_Description of the task_.
Could you transcribe exactly the lines from the one containing "塔顶型石柱SU模型下载_sketchup草图大师SKP模型" through the end of the listing below, both included, but none of the pictures?

_Available data_.
-----

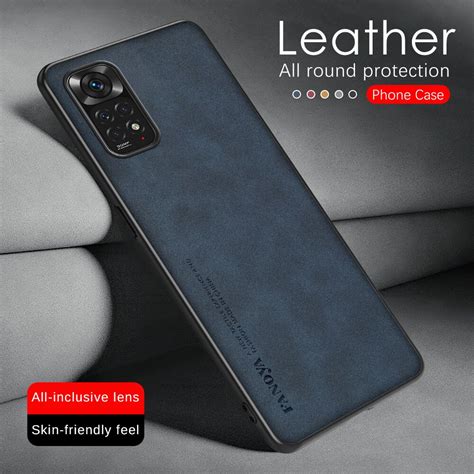 Sheepskin PU Leather Case For Xiaomi Redmi Note 11 Pro 5G Redme Note11 11S 4G 11Pro Plus Camera ...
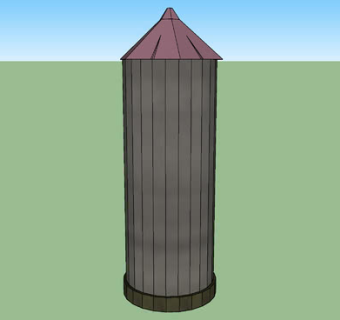 塔顶型石柱SU模型下载_sketchup草图大师SKP模型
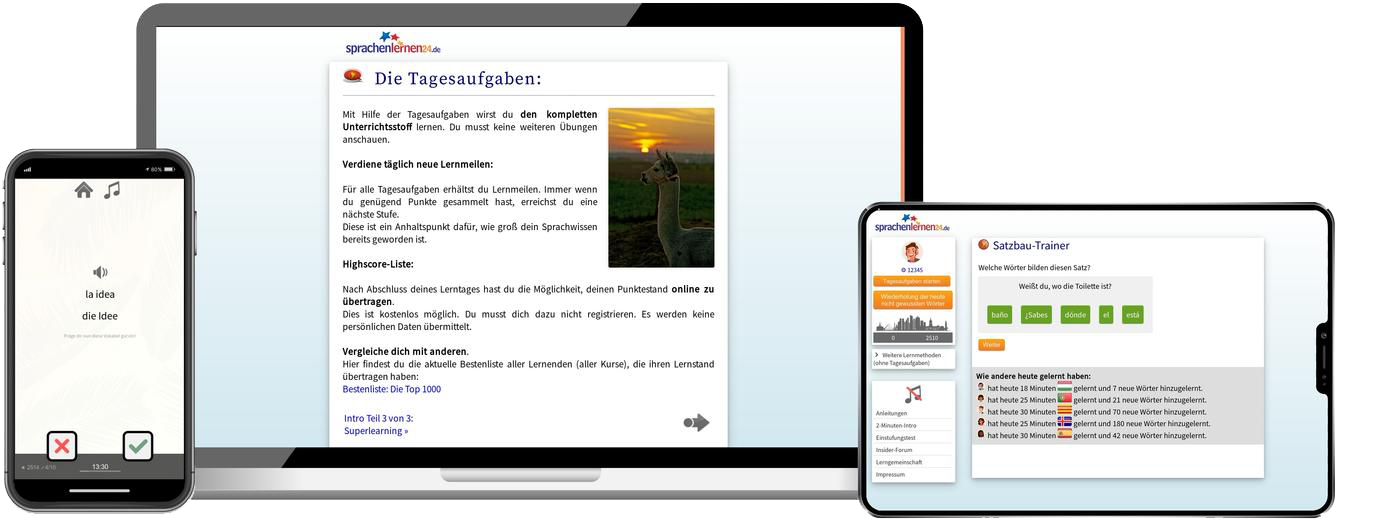 Spanisch (Südamerika)-Komplettpaket - Onlinekurs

-----

_Response below_.
 塔顶型石柱SU模型下载_sketchup草图大师SKP模型
 Spanisch (Südamerika)-Komplettpaket - Onlinekurs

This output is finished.